In het kasboek van het Dordtse zeemanscollege “Tot Nut van Handel en Zeevaart” staat op 06 april 1852 de storting door kapitein Agema van f 15,- als entreegeld voor lidmaatschap van het college.064b

 

De schepen van de kapitein

Op 04 mei 1852 is Agema kapitein op de bark “Timor”, 240 last, gebouwd op de werf van werf Cornelis Gips voor reder A Blussé van Oud Alblas te Dordrecht en vertrekt naar Valparaiso.

Op 04 april 1855 vertrekt hij voor zijn 3e reis op dit schip. Het verslag van deze reis is te lezen in het logboek nr 42 arch 124 rederij Blussé van Oud Alblas in het Stadsarchief van Dordrecht.

 

In de Jaarverslagen van de Maatschappij Tot Nut van Handel en Zeevaart staat kapitein F.Agema met vlagnummer R344 als gezagvoerder in de ledenlijsten van058:

*    1855                van de bark “Timor”   223 last        varend voor Mr. P.Blussé van Oud Alblas te Dordrecht

 

De bark “Timor ” van de rederij Blussé van Oud Alblas heeft minstens 14 reizen gemaakt waarvan de volgende onder kapitein F.B.Agema:

*    11de reis. Mei 1852 naar Batavia en terug in januari 1853.

*    12de reis. Juni 1853 naar Valparaiso en Java. Terug in december 1854.

*    13de reis. April 1855 naar ? . Terug ??

*    14de reis. ?? 1856 naar Batavia. Op de terugreis vergaan bij Robbeneiland in de Tafelbaai, ZA.

Gegevens van de heer P.Blussévan Oud Alblas te Vught, april 2008. Ontleend aan het Blussé archief in Stadsarchief van Dordrecht.

 

Bouma025 vermeldt F.Agema als gezagvoerder gedurende:

*    1852 t/m 1857 van de bark “Timor”, gebouwd in 1840 te Dordrecht, 450 ton o.m., varend voor mr. P.Blussé van Oud Alblas. Tijdens de reis van Java naar Amsterdam bij Robben-eiland op de rotsen gelopen en wrak.

 

Het Archief van de Waterschout te Amsterdam meldt een monsterrollen dd.

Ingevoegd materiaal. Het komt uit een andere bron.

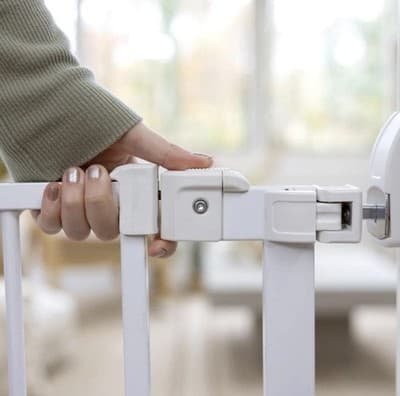 INGENUITY 28 in. Pet & Baby Gate w/ Quad Cam Lock, Pressure or Hardware Mounted - Thumbnail 6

02 augustus 1838 van de pink “ Drie Gebroeders” onder kapitein Sikke IJsbrands Parma, boekhouder Insinger & Comp., bestemming Batavia met als onderstuurman F.B.Agema, 24 jaar uit Amsterdam.

 

Overige bijzonderheden

In het Journaal van de "De Drie Gebroeders" onder kapitein O.S.Parma in het Oosterdok te Amsterdam met bestemming Paramaribo057:

10 september 1838    "Monsterden des avonds met 12 man als volgt 1e Strm F.B.Agema ...".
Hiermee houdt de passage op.